RATE Records is pleased to announce the addition of new artist-member Joshua Lavender!
"My earliest clear memory is of our claustrophobic single-wide trailer. I'm sitting on the edge of the coffee table, dangling toes which don't quite touch the carpet, while Dad plays songs on the old Alvarez guitar he bought in the army: that old Johnny Horton song, 'The Battle of New Orleans,' some Kris Kristofferson, and John Prine ... lots of John Prine. I'm sure I pestered him to keep playing long after he was tired of it. I'm glad he did."
Hailing from rural Irwin County in the deep south of Georgia, Joshua grew up on country, 70's rock, and the sounds coming out of his father's guitar. A blonde-haired gangly kid, he spent most of his time in books until high school, when he picked up the Alvarez and started to practice rhythm in the cab of a '68 Ford Ranger rusting away in the backyard, where he could be loud. "I played Neil Young songs almost exclusively, and I played them hard and fast, and I didn't really pay attention to anything but the music," he recalls, and then confesses: "My wild strumming damn near wore a hole in Dad's guitar, right below the pickguard."

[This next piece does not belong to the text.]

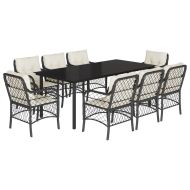 Градински трапезен комплект възглавници 9 части черен полиратан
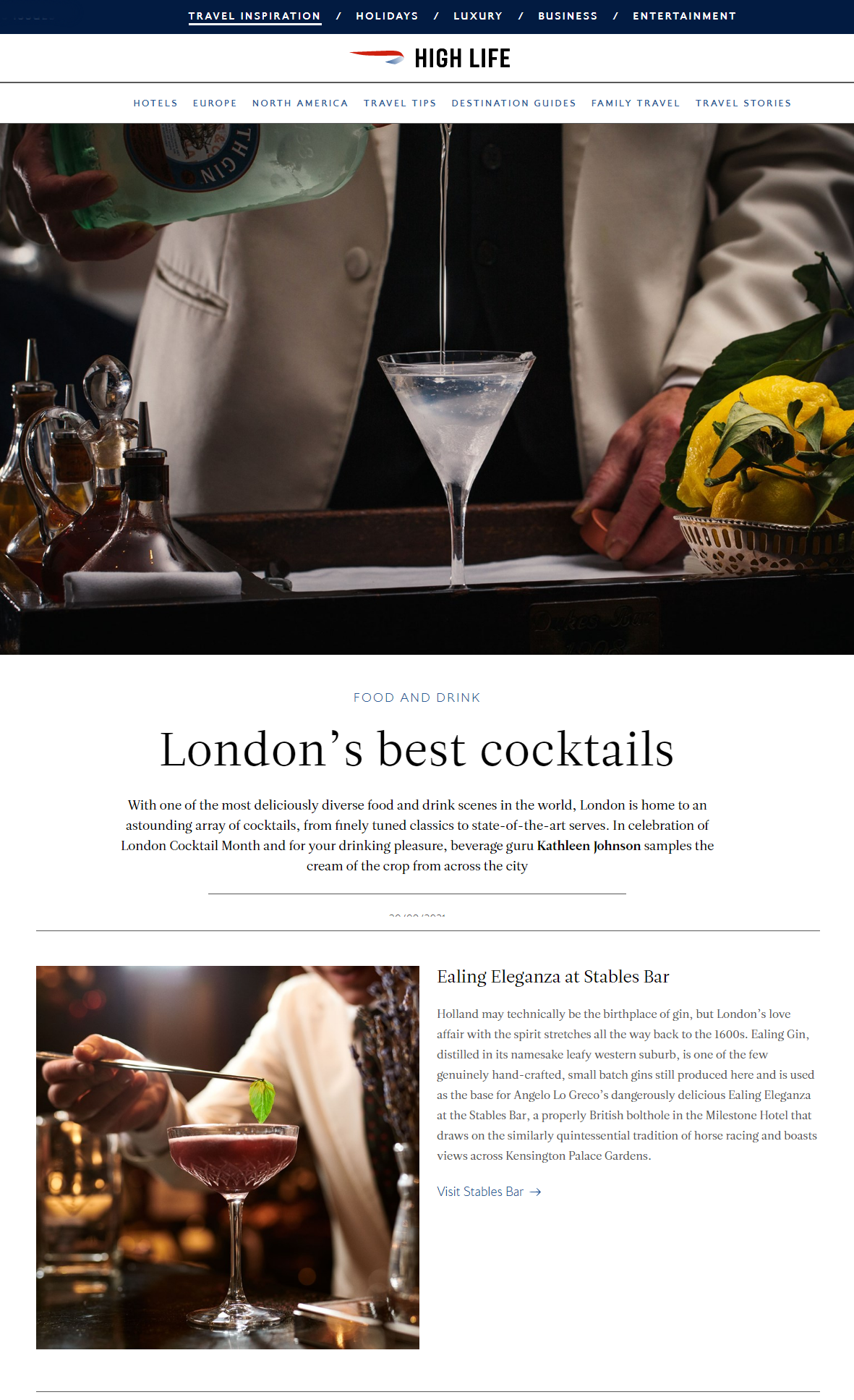 Ealing Eleganza Features in BA High Life Magazine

His father's exasperation over the damage did not shy Joshua away from music, though he chose to focus on poetry during his early college years. A friend introduced him to the bluegrass festival scene, and he began to jam frequently with his Strat-toting brother James. Then, while he was toughing out a bad case of writer's block, his father challenged him to write a song in an hour. The result (which took at least three hours) was "The Ballad of Black Jim," a dark folk rambler about life during the Great Depression inspired by the music of Gillian Welch and a novel by Cormac McCarthy.
"Black Jim was a turning point for me," Joshua observes. "I discovered I could write a song, and I discovered I could be poetic in a song. I've been wrapped up in songs -- cocooned in music -- ever since."
While "Black Jim" smacks of Welch à la Revelator, Joshua's influences are as far-flung as the stories, spiritual questions, and private reflections in his songs: the eerie blues of Skip James; early folkster Dylan; acoustic Neil Young; storytellers like Townes Van Zandt, John Prine, and Jim Croce; jazz infused by way of Paul Simon; and the experimental lo-fi of Iron & Wine. His songs revel in their fresh, evocative poetry even as they aspire to sound older than Methuselah.
Wrapping up his college life and working under the moniker Lavender & the Old Folk, Joshua is presently laying out plans to record Look Who's Come to Say Goodbye, a 12-song LP of original songs which will feature (we hope) several of the musical acquaintances he has made over the last two years. Meanwhile, he continues to street-perform and play coffeehouses and pubs.
"It's not a living," he says, "but it's a life."